15. In definitiva, entrambi i ricorsi vanno rigettati.

La reciproca soccombenza giustifica l’integrale compensazione delle spese processuali.

A norma del D.P.R. 30 maggio 2002, n. 115, art. 13, comma 1-quater inserito dalla L. 24 dicembre 2012, n. 228, art. 1, comma 17 applicabile nel presente procedimento ratione temporis, “quando l’impugnazione, anche incidentale, è respinta integralmente o è dichiarata inammissibile o improcedibile, la parte che l’ha proposta è tenuta a versare un ulteriore importo a titolo di contributo unificato pari a quello dovuto per la stessa impugnazione, principale o incidentale, a norma del comma 1-bis. Il giudice dà atto nel provvedimento della sussistenza dei presupposti di cui al periodo precedente e l’obbligo di pagamento sorge al momento del deposito dello stesso”.

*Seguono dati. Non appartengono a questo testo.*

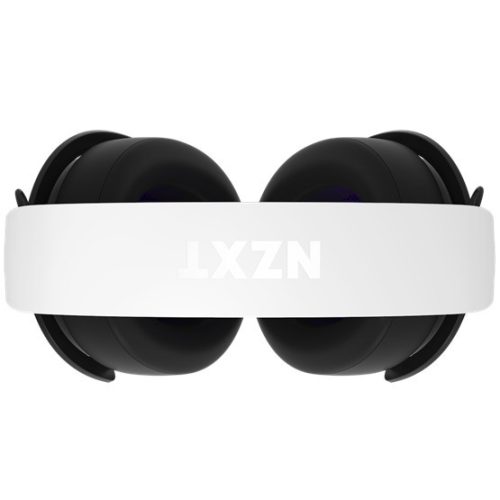 NZXT Relais Kopfhörer - Weiß - AP-WCB40-W2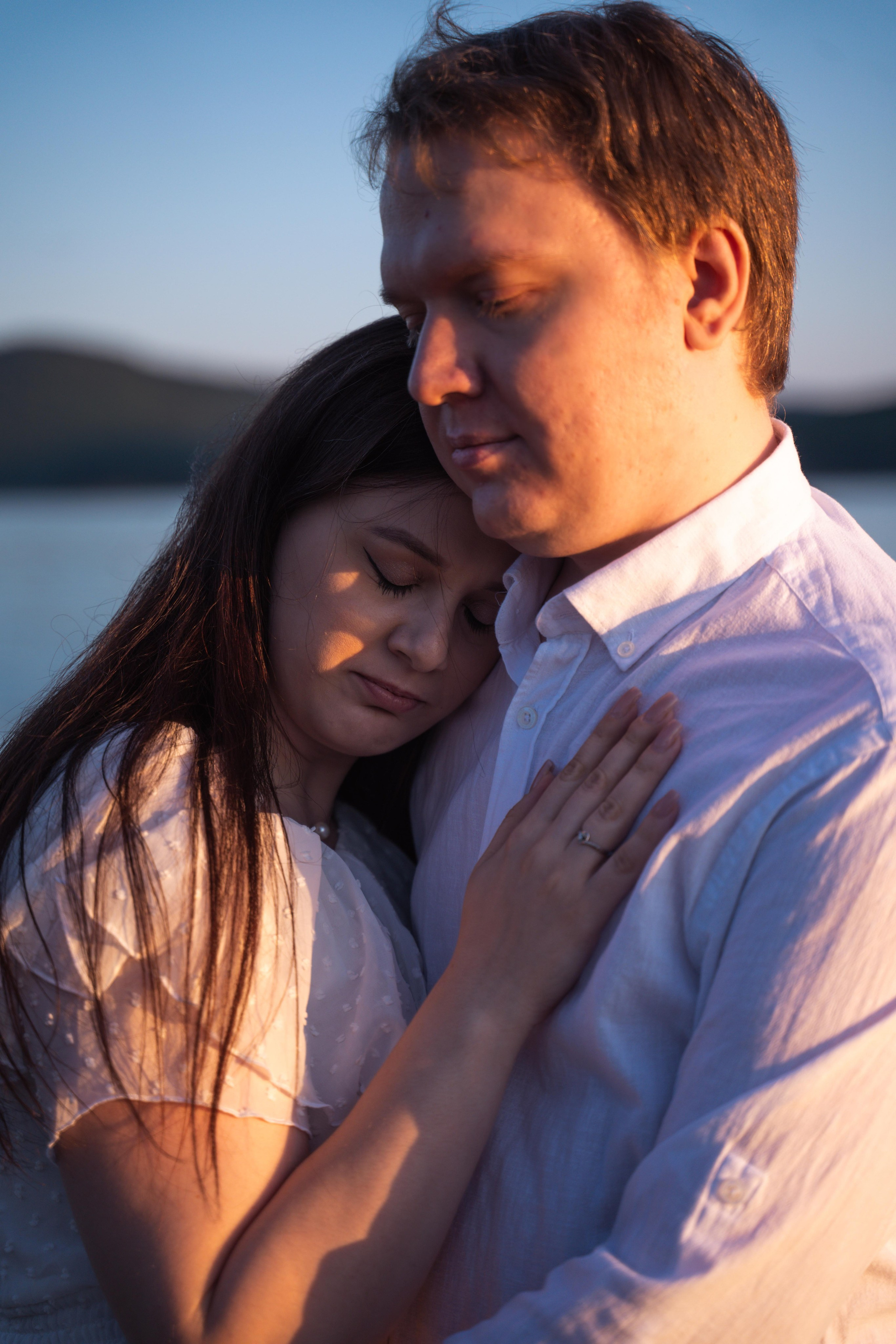 LOVE STORY/Никита & Александра. Фотограф в Иркутской области Наталья Паневина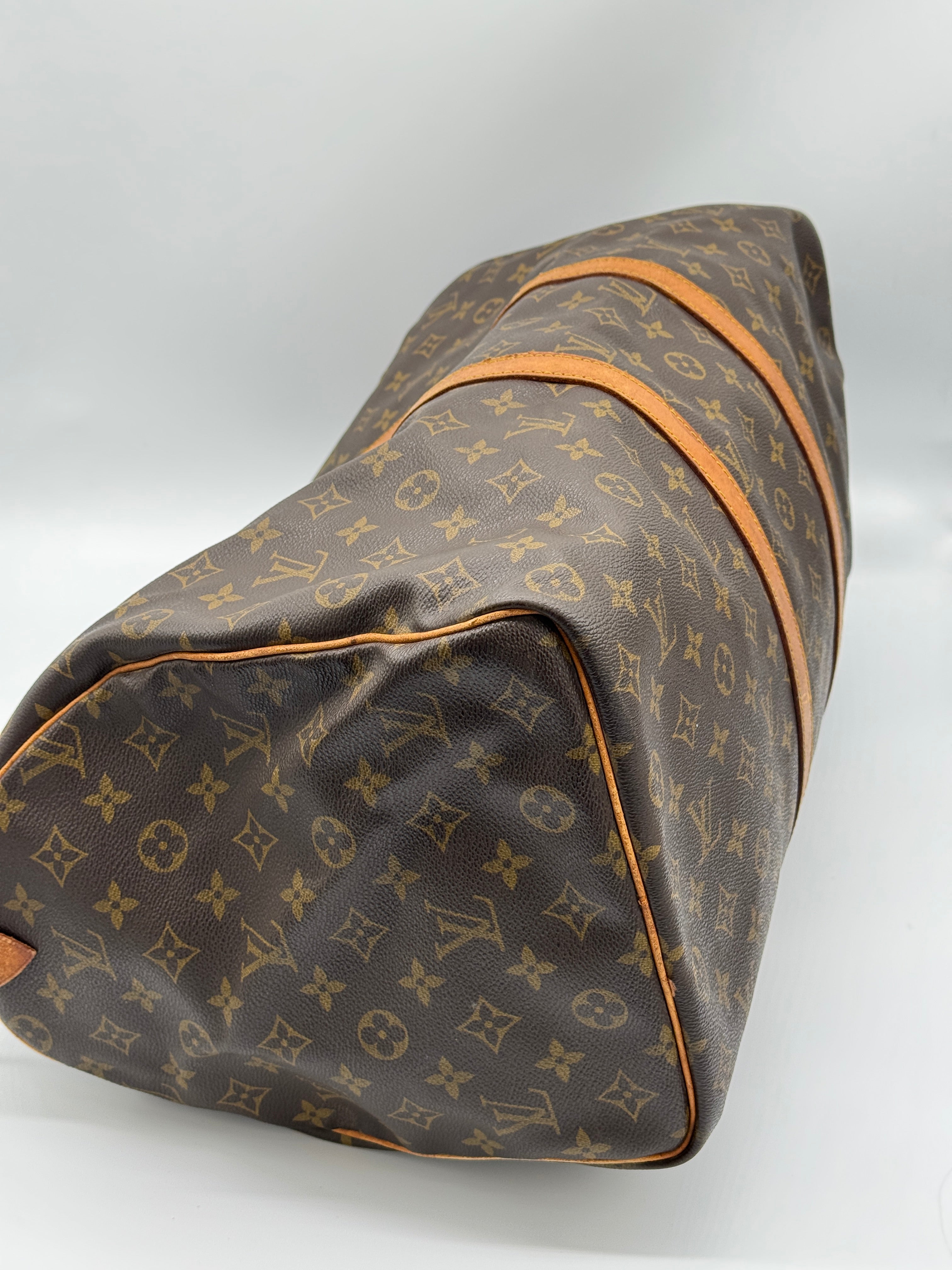 Louis Vuitton Keepall 50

Di tanto, nella specie, va dato atto con riferimento alla ricorrente principale, non anche invece con riferimento all’amministrazione ricorrente incidentale, ancorchè anch’essa soccombente.

Come chiarito, infatti, da questa Corte, con ferma giurisprudenza, nei casi di impugnazione respinta integralmente o dichiarata inammissibile o improcedibile, l’obbligo di versare, ai sensi dell’art. 13, comma 1-quater, D.P.R. cit., un ulteriore importo a titolo di contributo unificato, non può trovare applicazione nei confronti delle Amministrazioni dello Stato che, mediante il meccanismo della prenotazione a debito, sono esentate dal pagamento delle imposte e tasse che gravano sul processo (Sez. 6 – L, Ord. n. 1778 del 29/01/2016, Rv. 638714; v. anche Sez. U, n. 9938 del 08/05/2014; Sez. 3, n. 5955 del 14/03/2014, Rv. 630550).

PQM

La Corte rigetta entrambi i ricorsi e compensa per intero tra le parti le spese processuali.

Ai sensi del D.P.R. n. 115 del 2002, art. 13, comma 1-quater dà atto della sussistenza dei presupposti per il versamento, da parte della ricorrente principale, dell’ulteriore importo a titolo di contributo unificato pari a quello dovuto per il ricorso principale, a norma dello stesso art. 13, comma 1-bis.

Così deciso in Roma, il 13 ottobre 2016.